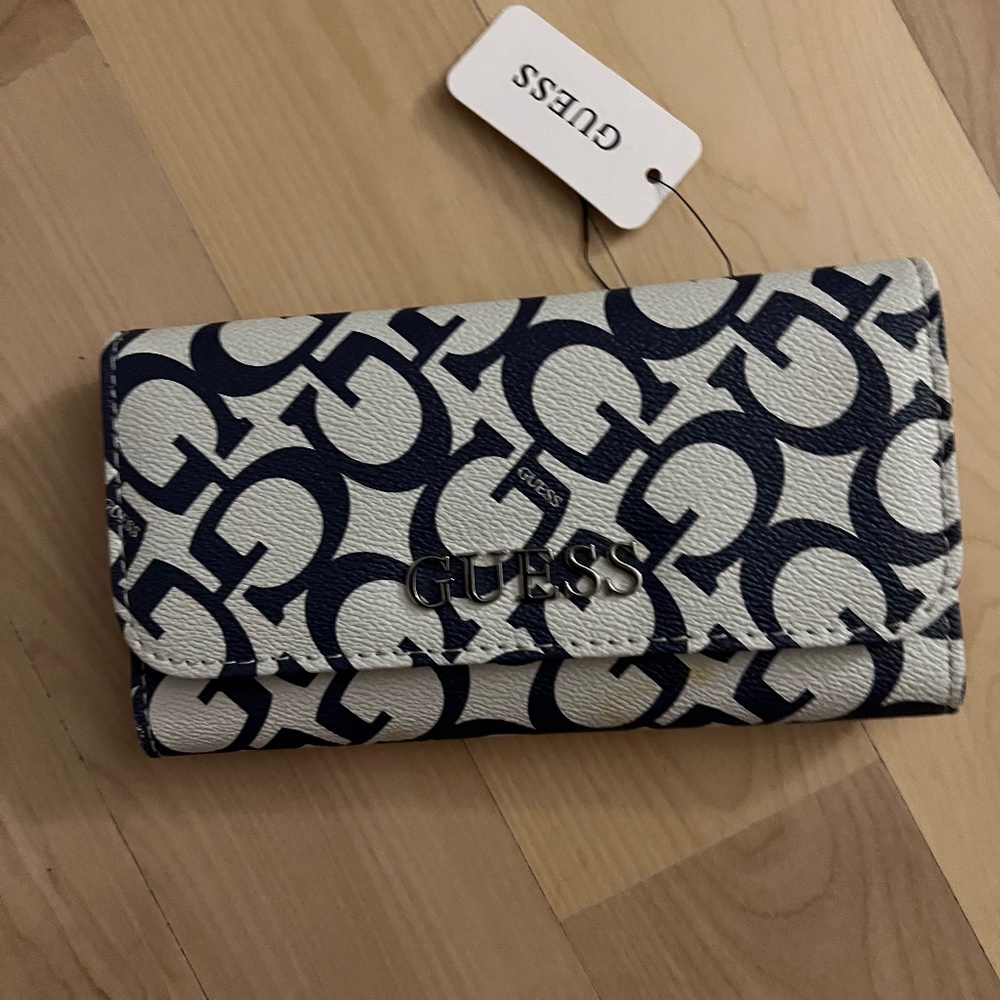 Guess wallet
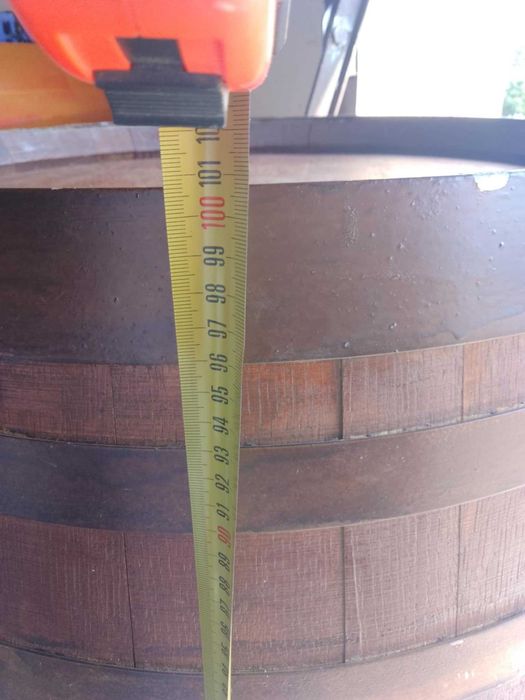 Pipa de vinho para decoração em excelente estado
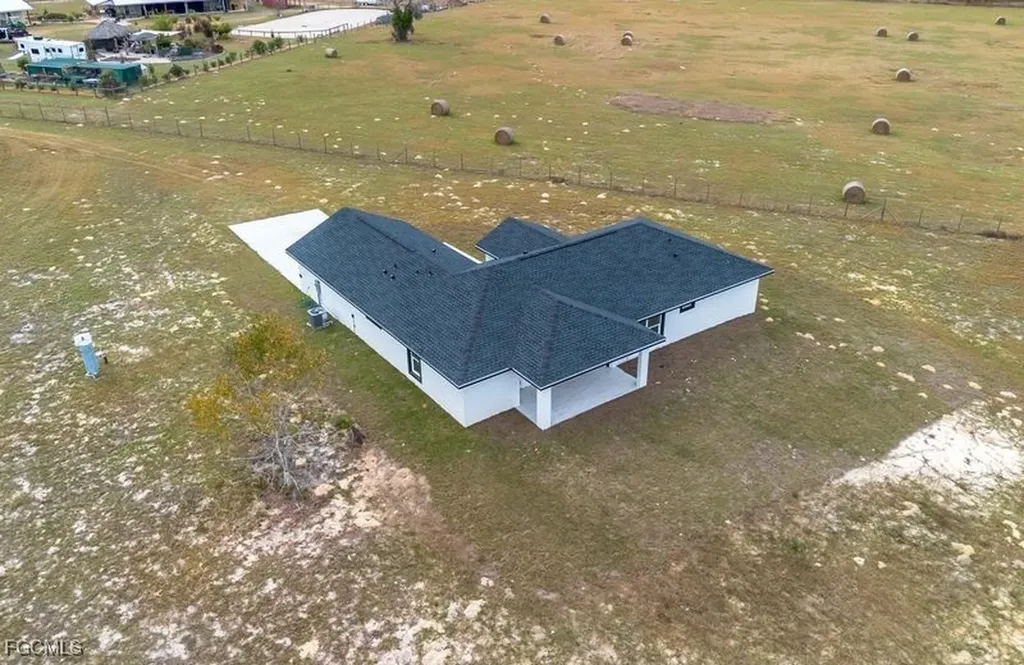 14461 SE 80th Street Morriston FL 32668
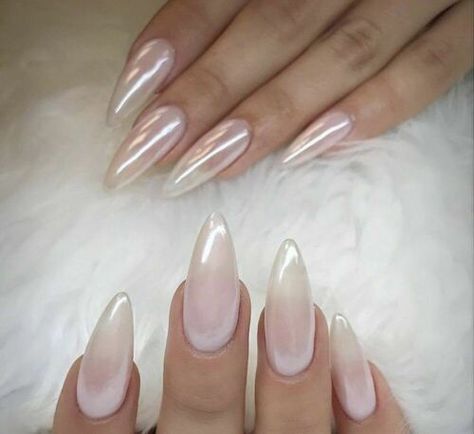 Pearl Bride Nails, Chrome Nails Matte, White Chrome Powder, Chrome Nails Silver, Tan Nails, White Chrome Nails, Red Chrome, Chrome Nail Art, Chrome Nail Powder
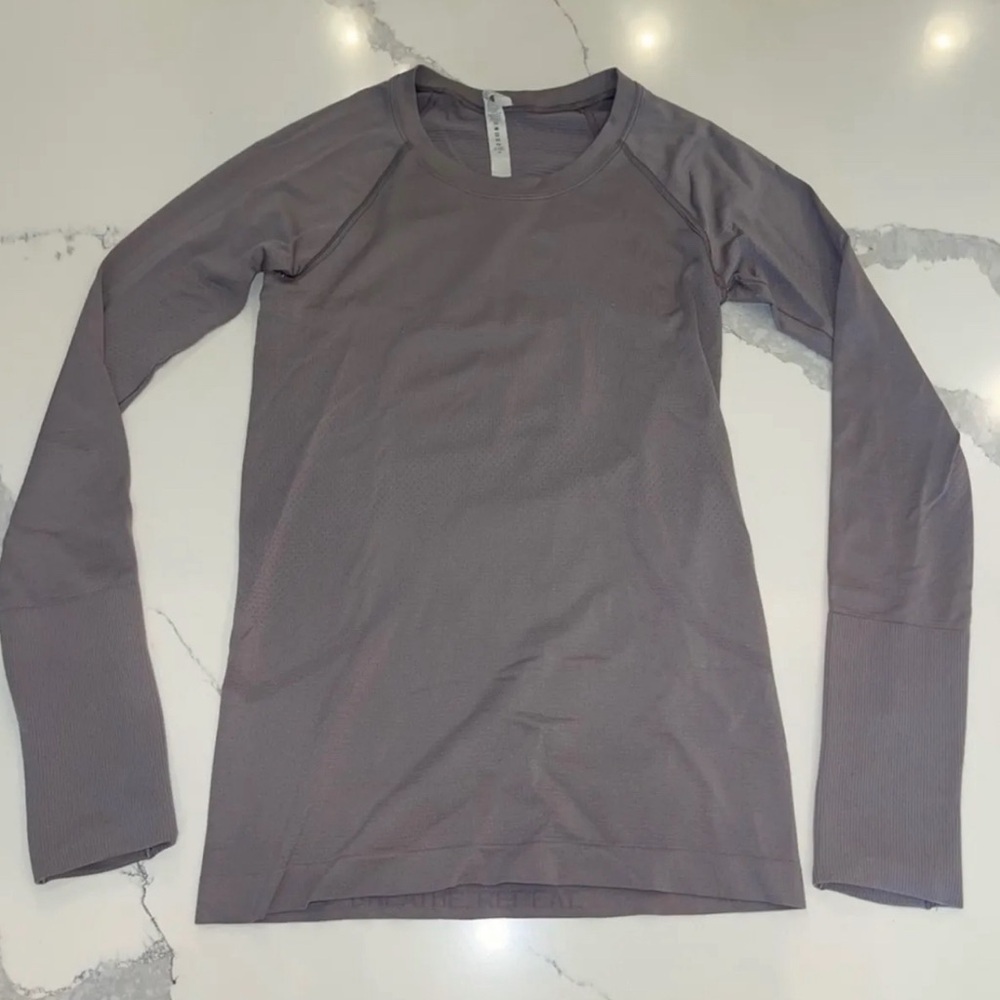 Lululemon Swiftly Tech long sleeve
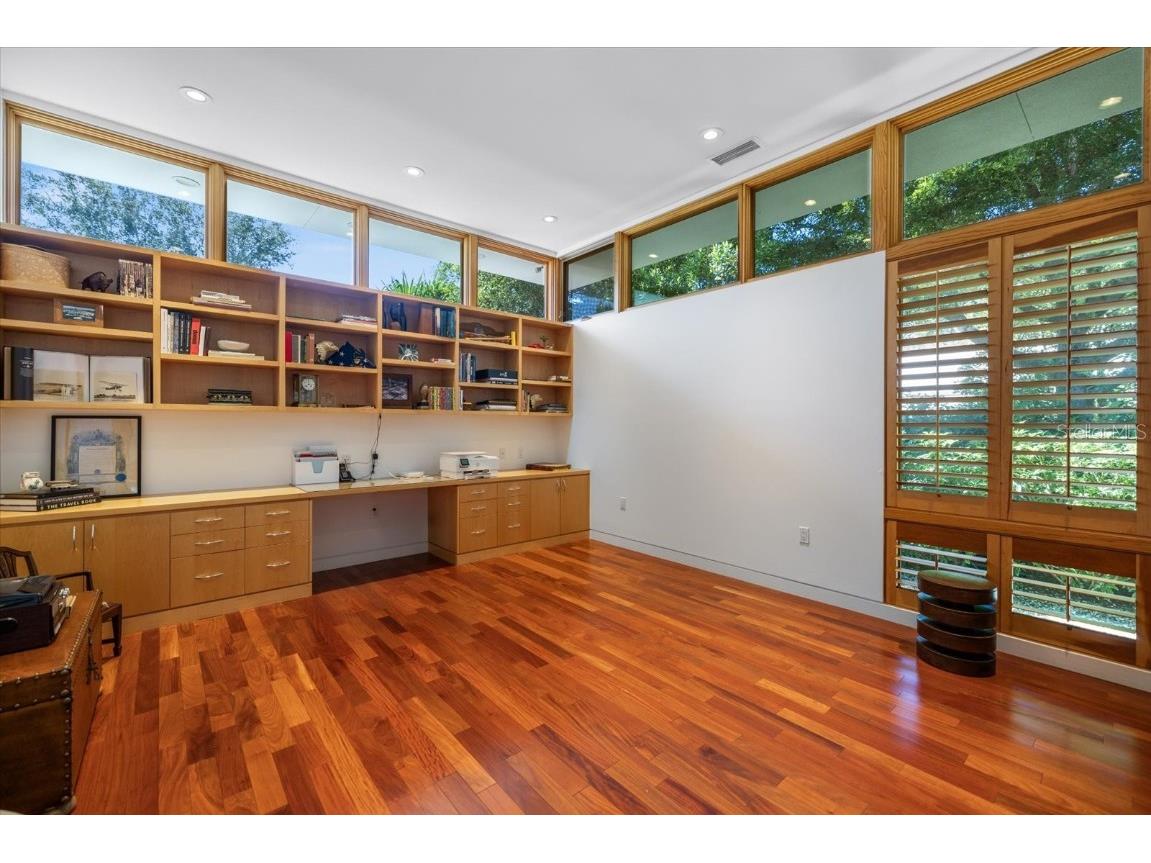 1739 Cherokee Drive Sarasota FL 34239 A4670822 image18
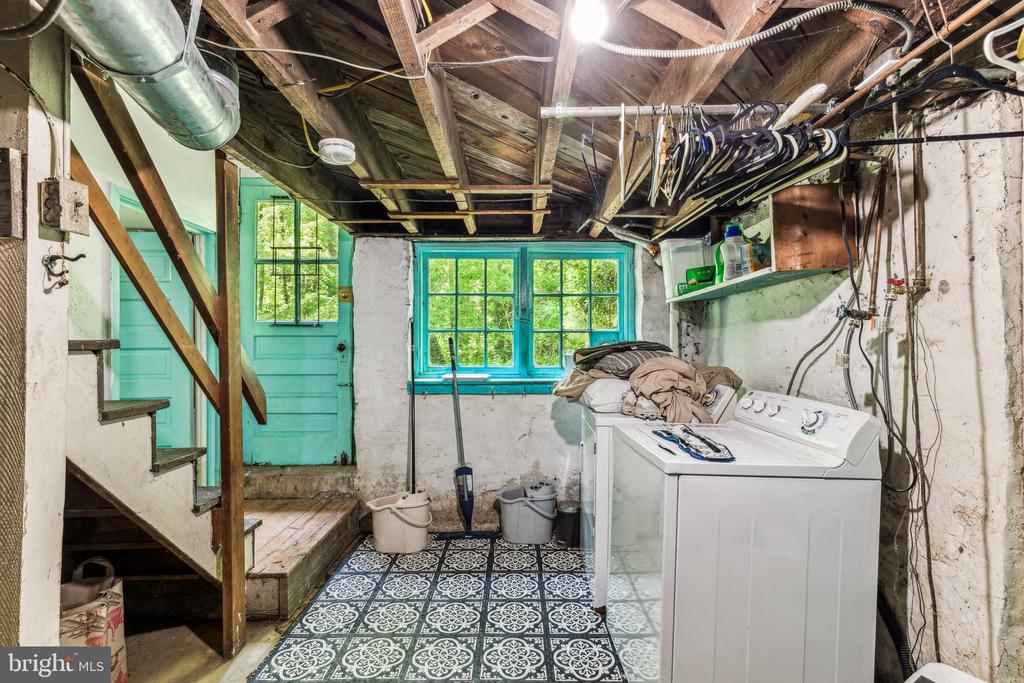 209 W Possum Hollow Rd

───

Restate word for word the lines starting at the one that contains "Pipa de vinho" and ending at the last line of the data. Skip every picture.

 Pipa de vinho para decoração em excelente estado
 14461 SE 80th Street Morriston FL 32668
 Pearl Bride Nails, Chrome Nails Matte, White Chrome Powder, Chrome Nails Silver, Tan Nails, White Chrome Nails, Red Chrome, Chrome Nail Art, Chrome Nail Powder
 Lululemon Swiftly Tech long sleeve
 1739 Cherokee Drive Sarasota FL 34239 A4670822 image18
 209 W Possum Hollow Rd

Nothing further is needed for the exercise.